The dissenters are certainly starting to speak out.

Monday, August 14, 2017

UKIP MEP threatens to resign over leadership candidate

I listened with mounting incredulity yesterday morning as UKIP's Welsh MEP, Nathan Gill told Radio Wales listeners that if anti-Islam campaigner, Anne Marie Waters was elected as leader of his party then he will quit UKIP altogether.

Nathan Gill is also a Welsh Assembly Member, an institution in which he sits as an Independent following his ousting as Welsh Leader by former Tory Minister, Neil Hamilton. He has a distinctly independent and stubborn streak, which is to his credit, as is his stand against extremism and racism.

As the BBC reports, Mr Gill has also criticised the party's delay in addressing concerns raised about UKIP assembly member Michelle Brown, following a row over racial slurs she made about a Labour MP:

The North Wales AM called Streatham MP Chuka Umunna a "coconut" in a recorded call in May 2016 to her then senior adviser Nigel Williams. She later apologised.

Mr Gill claimed the issue, which the party postponed making a decision on at its National Executive Meeting, had been "kicked into the long grass".

"I have said very clearly that I think that Michelle Brown should be expelled from the party," he said.

"We have to show, very clearly, what we are not - and we are not a racist party and I fought so strongly for that."

It is possibly a bit late for that. However, the question has to be asked of Mr Gill, if he finds it so unacceptable to be a member of UKIP led by Anne Marie Waters, how can he remain in a party which allows her to remain a member and stand for leader in the first place?

Sunday, August 13, 2017

David Miliband signs up to the Lib Dems commonsense agenda

I am sure that David Miliband will not see it this way, but his 'impassioned call for politicians from all parties to work together to avoid the Tory high command driving the country “off a cliff”', is precisely what the Liberal Democrats have been saying for over a year.

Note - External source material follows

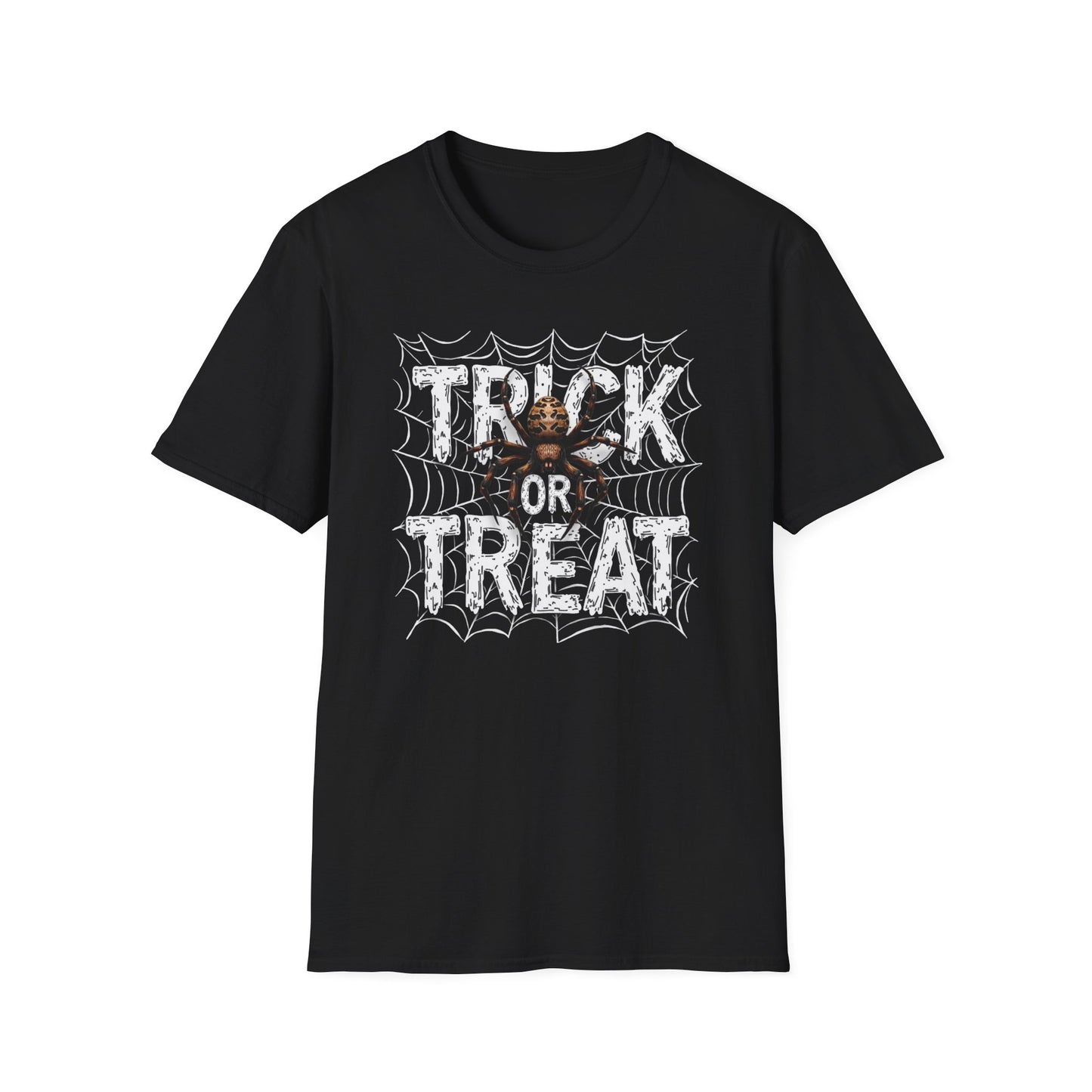 Trick or Treat Spider Tee — Halloween Graphic T-Shirt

According to the Guardian, the former Foreign Secretary and Labour leadership contender, has warned that Brexit is an “unparalleled act of economic self-harm”. The paper says that he suggests that it is up to MPs of all political colours to fight back against its worst consequences. Crucially, he argues that the country’s future should be decided by another vote on the terms of a final settlement – either by referendum or in parliament.

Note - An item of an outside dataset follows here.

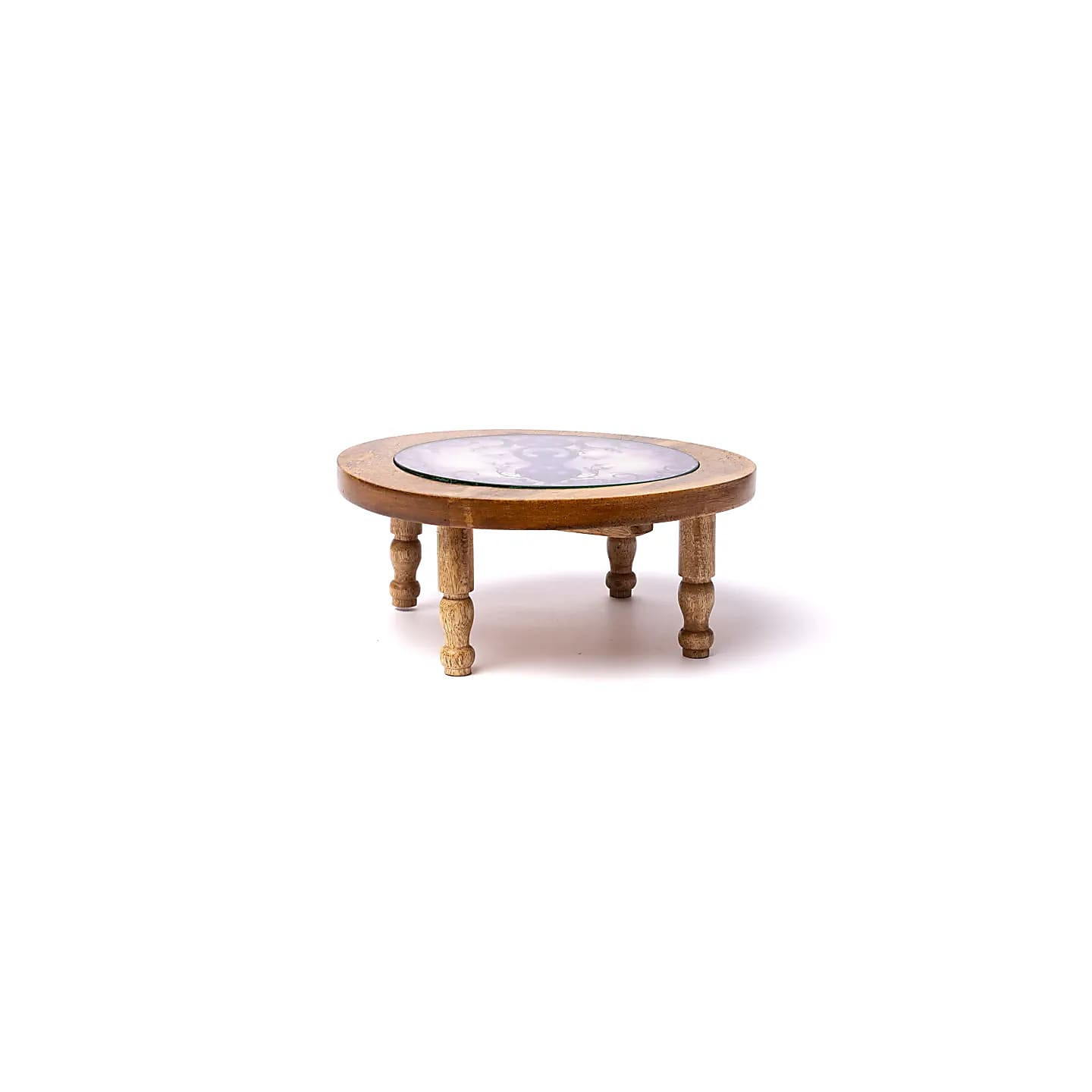 Table d'appoint en bois Déesse de la lune, impression s... | Pieralune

The Liberal Democrats of course, have been arguing for a confirmatory referendum, but given the advisory nature of the first plebiscite, if Parliament were to reject any deal and opt to stay within the EU that would be a satisfactory outcome, taken in the national interest.

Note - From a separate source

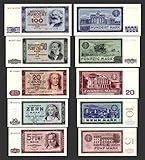 *** 5, 10, 20, 50, 100 DDR Mark Geldscheine 1964 Alte DDR Währung - Pick 22 - 26 - Reproduktion ***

I don't believe that there is a need for a new party to promote this view. We already have an established party with grassroots organisation and a large membership who can put the commonsense case in Parliament and to the country. Setting up a single issue party in such a short period of time, dependent on Parliamentary defections (chiefly from the Tories), and without any democratic legitimacy or organisation could quickly backfire.

It would help though if the Labour Party took up David Miliband's call to arms and joined us in opposing the Tories instead of working so closely with them on putting in place a hard Brexit.

Saturday, August 12, 2017

Could the UK end up in court over the single market?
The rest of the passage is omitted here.